Grinnell Herald-Register July 12, 1945
In the years after he left college, Kaltenbach's name rarely surfaced in Grinnell. How many Iowans listened to his short-wave broadcasts is unknown, but some in Grinnell, where in 1915 German-born residents made up the second-largest group of immigrants, might well have tuned in. Kaltenbach's occasional on-air references to Ottumwa or Waterloo apparently caught the attention of listeners (some of whom wrote to the government, offering help in identifying the broadcaster), but apparently during the whole of his Nazi broadcast career Kaltenbach never once mentioned the town of Grinnell or Grinnell College. A short article in the July 12, 1945 Grinnell Herald-Register reported that Kaltenbach—here called "Lord Hee-Haw" (as British authorities had christened the Iowan radio voice) had been arrested by Soviet troops. The article's sub-title identified Kaltenbach as a "former Grinnell College student," and briefly summarized his biography, an indication perhaps that most Grinnell readers were not familiar with the man.

In view of his truncated career at the College and the apparent unfamiliarity of Grinnellians with the man, did Grinnell make a difference in Kaltenbach's life story? Without doubt numerous forces—including his parents' origins—played their parts in making "Lord Hee-Haw" the man he became, but Grinnell definitely contributed significantly. Although Kaltenbach gave voice to an emotional connection with his parents' homeland even before he came to Grinnell, at college that affection matured and gained rational articulation, practiced on the oratorical and debate stage.

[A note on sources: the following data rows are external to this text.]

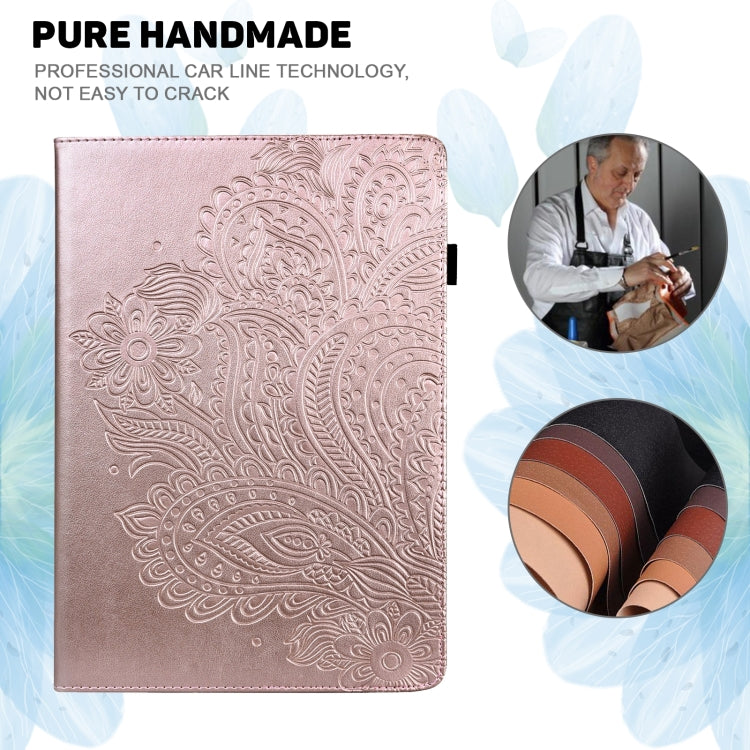 For Lenovo Tab P11 Pro Gen 2 Peacock Embossed Pattern Leather Tablet Case(Rose Gold)
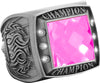 Championship Ring with Pink Center Stone- Silver [RGSJ-S-CHMP-PNK]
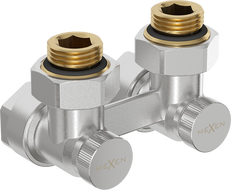 Mexen Uni-Term radiátorový ventil dvoutrubkový DN50, úhlový 1/2"x16 mm, nikl - W911-016-01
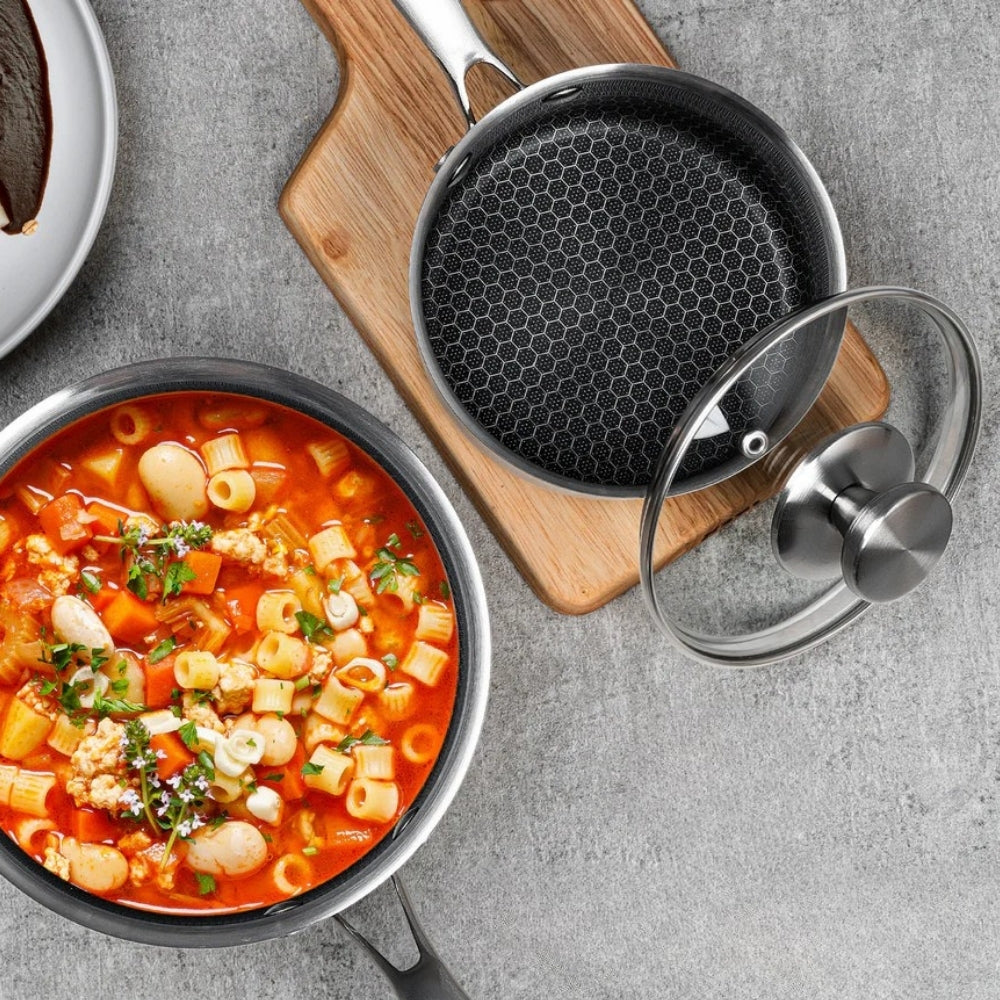 Modern Stainless Steel Saucepan with Glass Lid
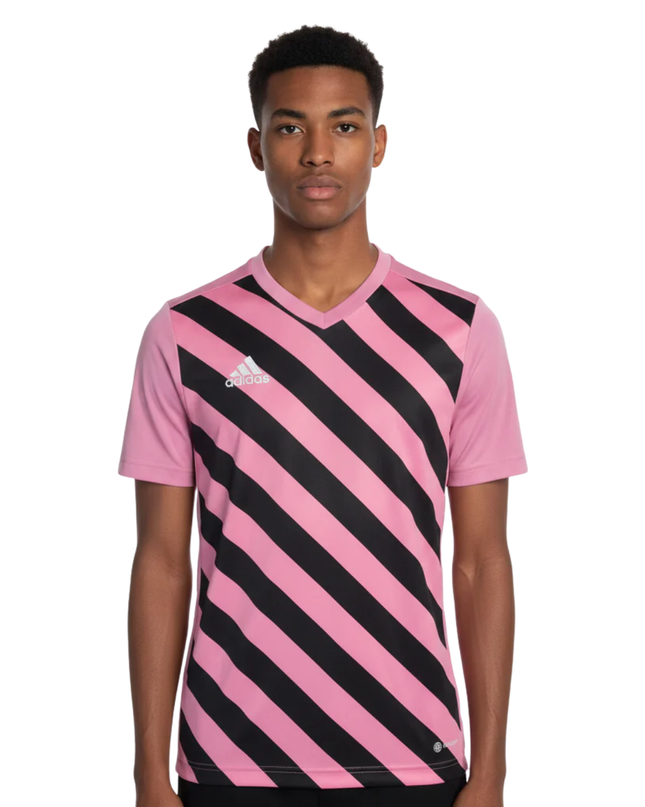 Adidas Pink Striped V-Neck Sports T-Shirt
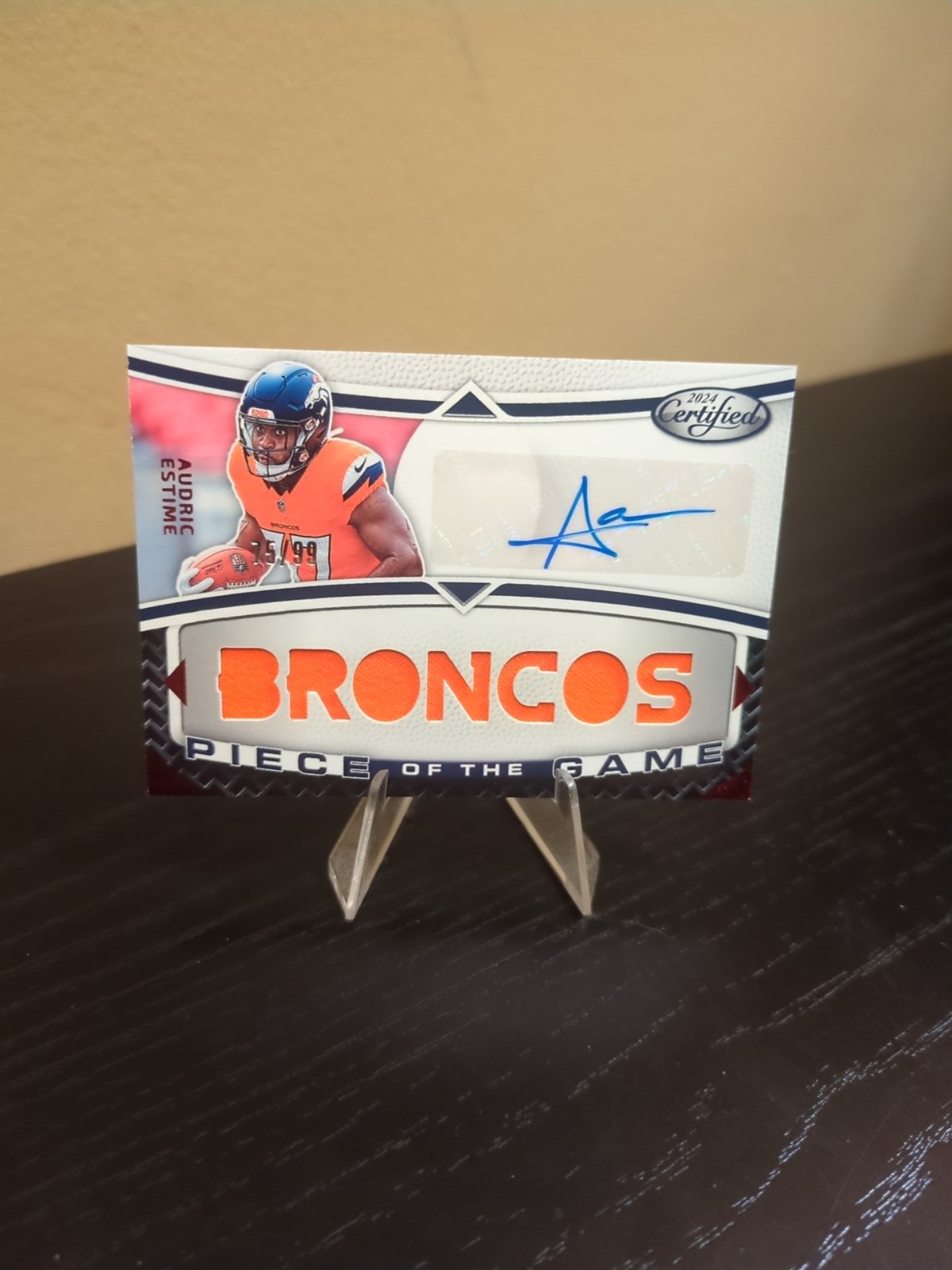 Audric Estime Panini Certified Piece of the Game Signature Relics #POTGSAE Red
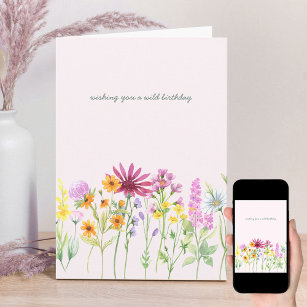 Hübsche Wildblume Wild Geburtstagkarte Karte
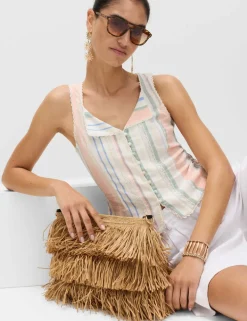 Linen Rich Lace Insert Corset Top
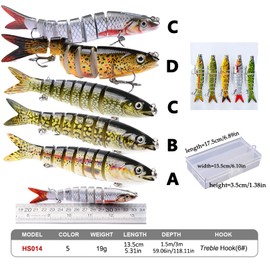 RoseFlower 5 Pcs Lures Set - 8 Segments Multi Jointed Swimbaits, Slow Sinking Fishing Lures for Freshwater & Saltwater, Ideal Accessories for Fly, Sea Fishing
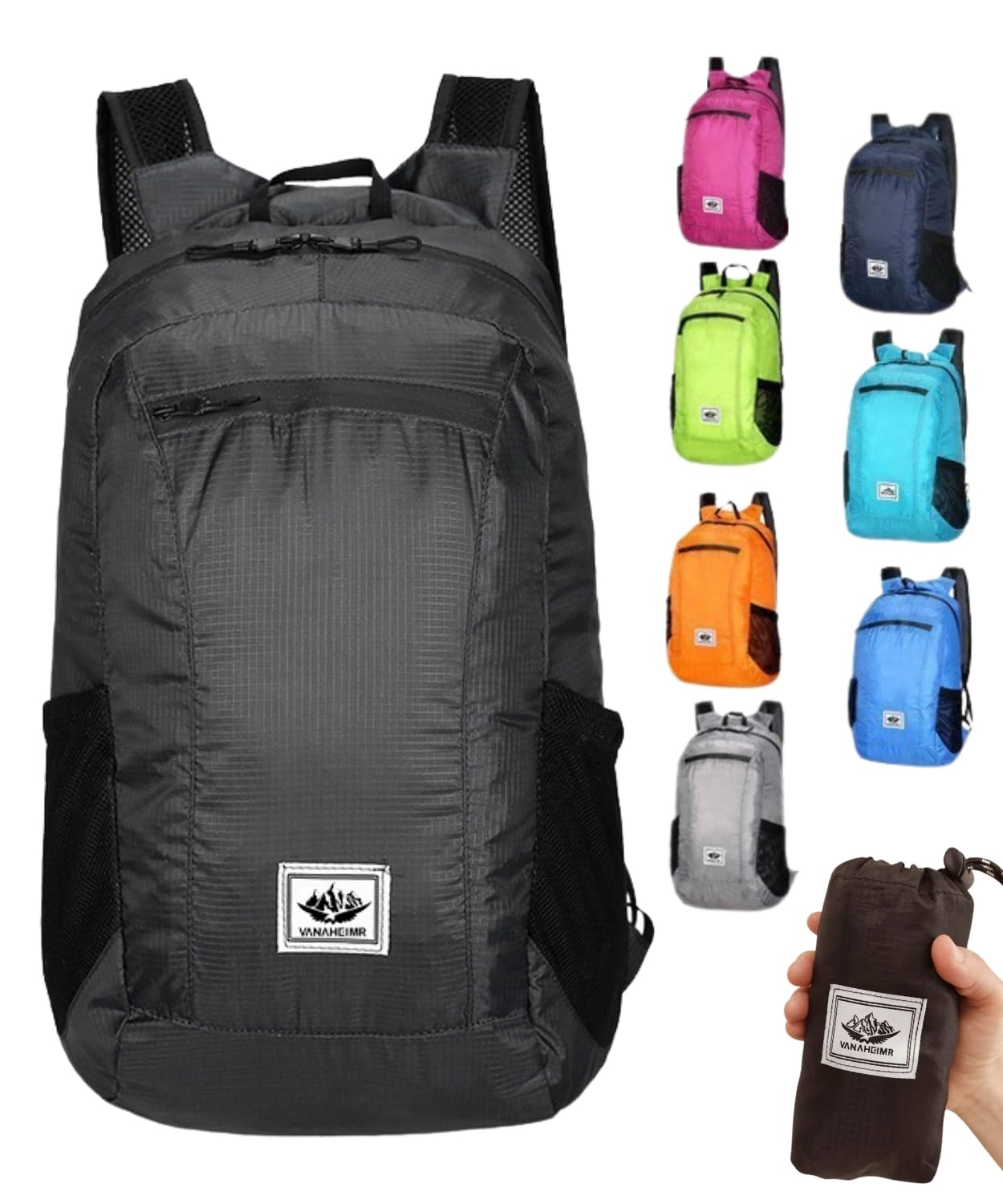 

Elixio Foldable Backpack, Lightweight, 85g, Compact, Large Capacity, Perfect for Travel, Outdoor Activities, and Sports, Unisex (Black)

So Germanophilic did Fred become that even fellow-students recognized him as "Fritz." This emotional commitment grew harder with his collegiate research, and found expression in his interest in Alsace-Lorraine and his concern with self-determination in the lands the Nazis later reclaimed. Moreover, the romantic appeal of military glory, already evident when as a teenager in Germany he wished to earn the iron cross, also received a boost at Grinnell from participation in Company C and the leadership role he exercised there.

In short, the Grinnell record indicates that, long before the butcher's son reached Hitler's Germany, he had already erected a mental shrine to Germany. Burnished and refined during his years at Grinnell, Fred Kaltenbach's devotion later found a generous reception in the Nazi propaganda establishment from which his voice reached around the globe and back into the Iowa heartland.